Branwell Brontë ‘s map of Angria – part of the secondary world created by the Brontë siblings. C1830-31.

This Fantasy Study Day was an enjoyable prelude to the forthcoming exhibition at the British Library exploring the genre, Fantasy: imagining impossible worlds (27 October 2023-25 February 2024), featuring key experts involved in the exhibition and catalogue. As I have been designing the forthcoming MA Creative Writing for Arts University Bournemouth, and had written the outline of a module called ‘Im/Possible Worlds’ back in early May which is intended to explore Fantasy and Science Fiction, this felt good timing.

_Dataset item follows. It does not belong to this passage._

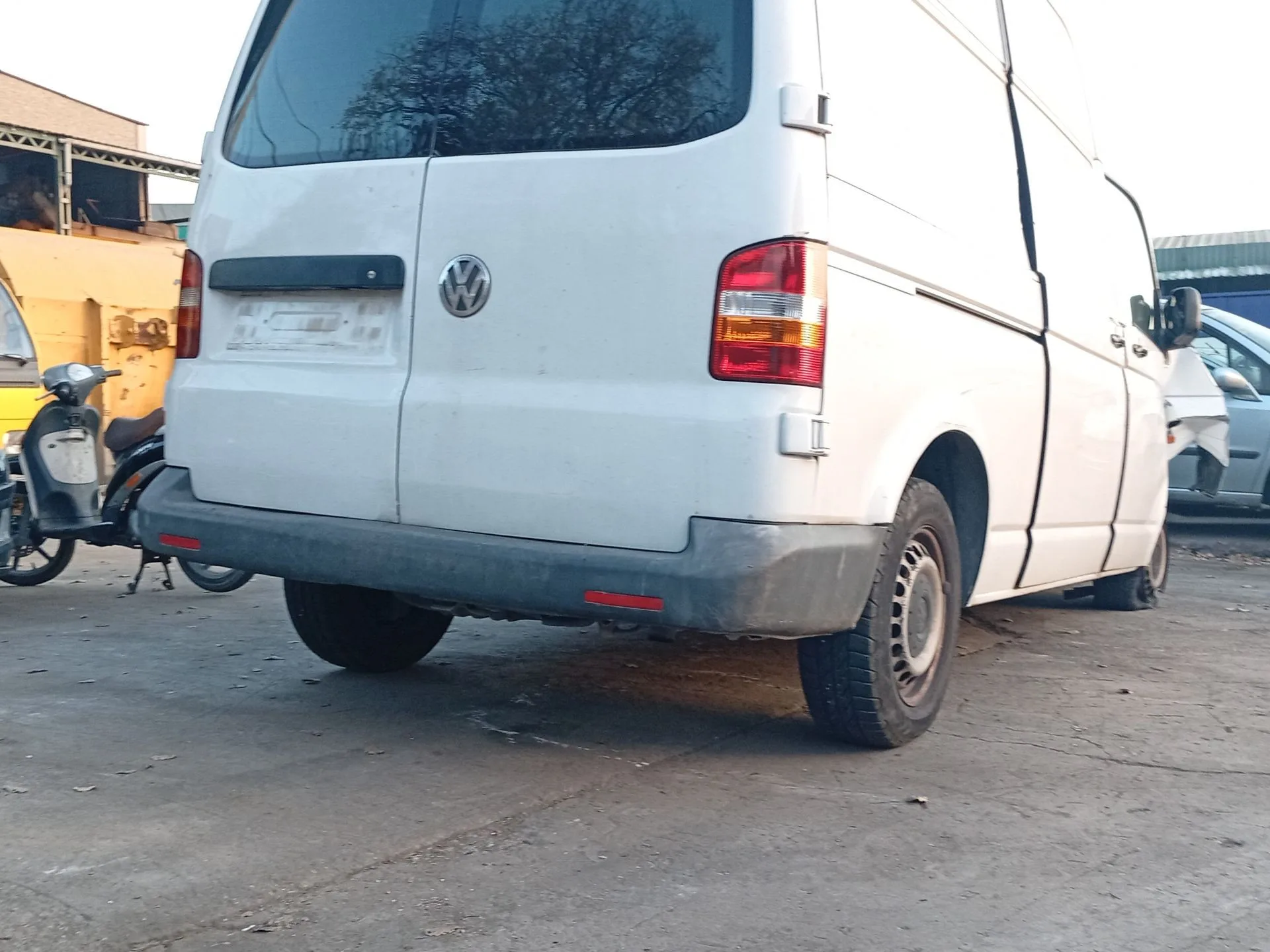 Tubo Escape Trasero para Volkswagen Transporter T5 Furgoneta (7Ha, 7Hh, 7Ea, 7Eh)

Rising at 4am I left my home in West Dorset at 5am to catch the 5.52am train to Waterloo – it was a long, hot day, but it felt very stimulating and worth the effort.

I don’t know if the day was programmed with an intentional narrative, but one seemed to emerge. Tanya Kirk, curator of print collections at the British Library, kicked things off with a talk about designing the forthcoming exhibition. It seemed like Tanya acted as a kind of keeper of the portals, both in curating the exhibition of imaginary worlds, and as our threshold guardian of the day.

Michelle Anya Anjirbag’s talk on fairy tales and folk tales – ‘taproot texts’ of so much modern fantasy informed by the oral tradition – seemed to foreshadow the final presentation by Anna Milon on LARP*ing – co-authored improvised shared world fantasies which involve alot of elements from oral traditions: storytelling, poetry, spells, charms, curses, proclamations, lore, and song. Through the prosumerism (to use Alvin Toffler’s term) of LARPing, it feels like the genre has gone full circle in some ways, with the often ephemeral oral tradition aspects echoing earlier sources, and enriching the scene, helping it to avoid entropy. Ironically, it is through the ravenous consumption of what Le Guin called ‘Consumerist Fantasy’, that fans are inspired to create their own ‘hacks’ of ‘canon’ material via Fan-Fic, Cos-Play and LARPing – not merely emulating existing narratives, but taking them in new directions. In the latter, much of the material is site- and time-specific, created to be performed in a certain context and then let go of, thus being the opposite of a commodity. Anna gave a couple examples of stories created for specific scenarios, and these she read out while in a gorgeous costume, which gave the audience a flavour of LARP and livened up the end of a hot day in the bowels of the British Library.

As a former professional storyteller who has performed many myths, legends, folk tales, and fairy stories (including Gilgamesh, Beowulf, as well as much of the Arthuriad including Gawain and the Green Knight), and has gone on to compose and compile written versions of folk tales for The History Press, this felt like familiar territory – but it was heartening to see how the oral tradition mutates and continues.

Professor Emritus Rob Maslen’s paper on Quest narratives, Dr Dimitra Fimi’s talk on ‘Crossing Borders of Otherness’, and Professor Matthew Sangster’s talk on ‘Architectures of the Strange’ (all from Glasgow University’s MLitt in Fantasy) also helped expand the creative imaginary of the genre in fascinating ways.

Thus the tradition moves forward, breaking new territory (fan culture; YA/New Adult fiction) in old ways (the oral tradition; play; print), as well as sideways. Familiar ground is revisited and re-appraised. The old stories are deconstructed and re-imagined for new audiences – breathed new life into by new generations of writers – while the widening market for Global Fantasy, which is bringing non-European, or Anglophone fantasy to Western audiences, helps to enrich the field with much-needed diversity.

It feels like Fantasy, which has never been more popular, or more participatory, is in rude health.

*Live-Action Role-Playing. I starred in one in the late 80scalled ‘Strange Lands’, in which I played Robin Hood – I still have the (foam) silver arrow.